Here is a mistake I see over and over and over again (code example is obviously contrived here):

# creates a list and evaluates every user
if any([user.is_cool() for user in users if is_prime(user.id)]):
    unleash_awesome_machine()

This code is correct, in the sense that it works. But:

it's overly verbose
it uses more cpu than necessary
it uses more memory than necessary
it causes an unnecessary GC

The correct way to write this code is only very slightly different:

# creates a list and does not evaluate every user
if any(user.is_cool() for user in users if is_prime(user.id)):
    unleash_awesome_machine()

See, the only thing I changed is I removed those two square brackets. That's it.

The difference between the two is that the first uses the list comprehension syntax.
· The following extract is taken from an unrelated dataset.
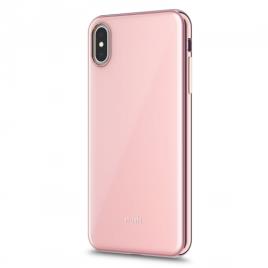 iGlaze iPhone XS Max (taupe pink)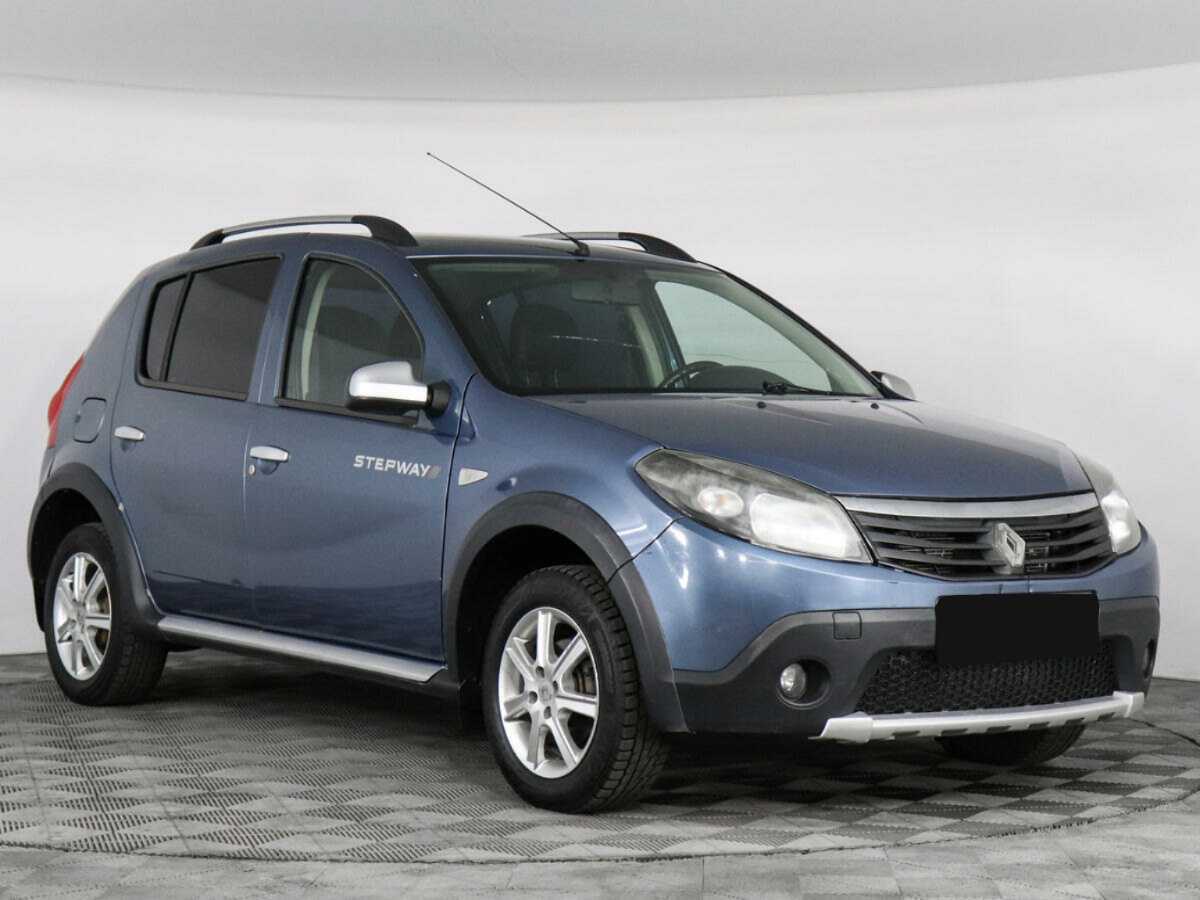 Купить Renault Sandero, 2013, 115 499 км, фото №2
This creates an actual Python list object which is passed to the any() function. Since this is a list comprehension every user in the users variable will be evaluated.

The "correct" way I've shown uses a generator comprehension instead. This creates a lazy generator object that evaluates from users one user a time. The function any() in that case can exit upon the first user detected that meets our criteria.

You can also create explicit generator objects in Python using the generator comprehension syntax. The syntax looks like this:

x = (user.is_cool() for user in users if is_prime(user.id))

This creates a generator object. You can't call len() on it. Instead it has some weird methods like .next() defined. If you really want to know the details of how it works read the official Python wiki which explains things in plain English and also refers to the original PEP (which unfortunately does not seem to cover the generator comprehension syntax).

I'll give an extremely easy to follow, simple example.

Consider the following python shell session:

>>> x = [1, 2, 3]
>>> type(x)
<type 'list'>
>>> len(x)
3
>>> x[1]
2

Its just a list. Easy as pie. Here's the generator equivalent:

>>> x = (x for x in [1, 2, 3])
>>> type(x)
<type 'generator'>
>>> len(x)
Traceback (most recent call last):
  File "<stdin>", line 1, in <module>
TypeError: object of type 'generator' has no len()
>>> x.next()
1
>>> x.next()
2
>>> x.next()
3
>>> x.next()
Traceback (most recent call last):
  File "<stdin>", line 1, in <module>
StopIteration>>> x = (x for x in [1, 2, 3])

Clearly something much weirder is going on. Generators are lazily evaluated. Now this case is dumb, because I'm lazily evaluating a non-lazy object (a list) to prove a point.

Here's a more non-obvious and deleterious example (although it's still contrived):

import re

CAPITAL_AT_START = re.compile('^[A-Z]')

# reads the ENTIRE FILE, creates a HUGE list object, and then has to GC it
def any_capitalized_1(filename):
    return any(line.match(CAPITAL_AT_START) for line in open(filename).readlines())


# lazily reads the file, creates less GC pressure
def any_capitalized_2(filename):
    return any(line.match(CAPITAL_AT_START) for line in open(filename))

This example is a little bit more subtle because both are actually using generator comprehensions, but the first is using a generator comprehension over an eagerly evaluated list object, whereas the second is using a generator comprehension over a lazily evaluated generator object.

Here's my real take away. Any time you see any([...]) or all([...]) you should be very suspicious that the square brackets are necessary. You can almost always remove them and get code that runs faster, uses less memory, and saves a whole two bytes of disk space!